La crisis política por la que atraviesa España es un problema de líderes, no de sistemas. Tres meses después de ganar las elecciones, el socialista Pedro Sánchez no ha podido ser investido presidente del gobierno por no contar con los votos suficientes en el Parlamento. La semana pasada, su investidura fue rechazada en dos votaciones sucesivas en el Congreso de los Diputados, lo que ha dejado a España en un limbo político de complejas consecuencias. 

Ello se suma, además, a la parálisis que el país arrastra desde 2015, producto de la fragmentación de la política y la falta de acuerdos. Desde entonces, España ha celebrado nada menos que cuatro elecciones generales –a razón de una elección por año–; y todavía no logra conformar un gobierno estable y con el respaldo legislativo suficiente para hacer frente a los múltiples desafíos que plantea para Europa la tercera década del nuevo milenio, que será decisiva en más de un sentido.

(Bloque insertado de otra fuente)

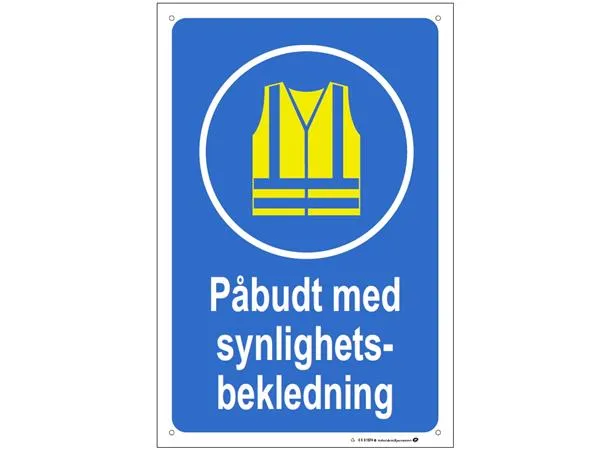 Skilt "Påbudt med verneutstyr" 200 x 300 mm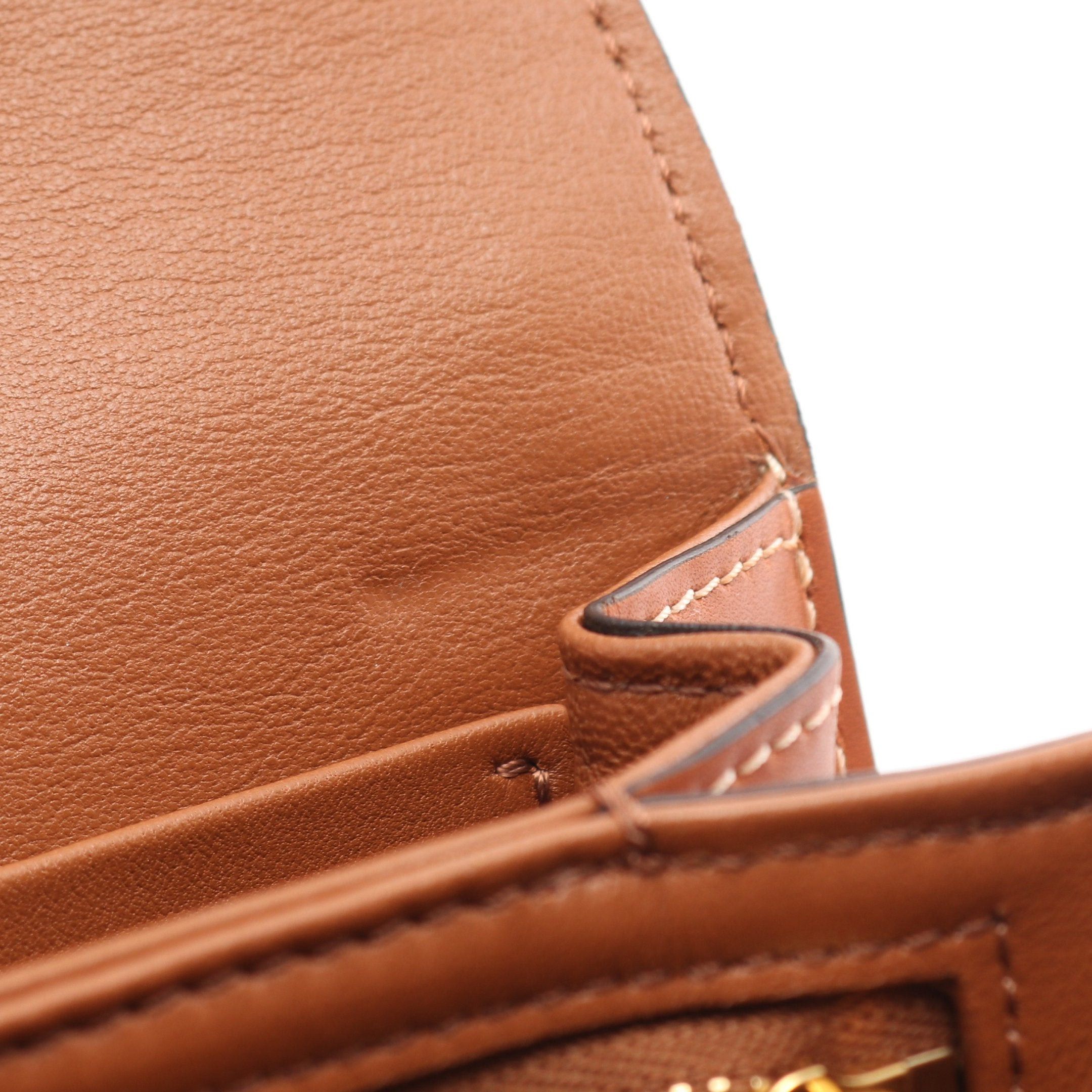 Celine Celine Classic Triomphe Shoulder Bag Denim Leather Indigo Blue Brown Size ONE SIZE - 5 Thumbnail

Sánchez, líder del PSOE, no logró, como esperaba, que su tradicional rival, el Partido Popular, y Ciudadanos se abstuvieran a fin de que él pudiese tener su investidura. Y tampoco consiguió que el partido de extrema izquierda Unidas Podemos, liderado por Pablo Iglesias, hiciera que sus 42 diputados votaran a favor. Eso, junto a las abstenciones de los nacionalistas vascos y los independentistas catalanes, pactadas de antemano, habría garantizado la proclamación de Sánchez al frente de La Moncloa.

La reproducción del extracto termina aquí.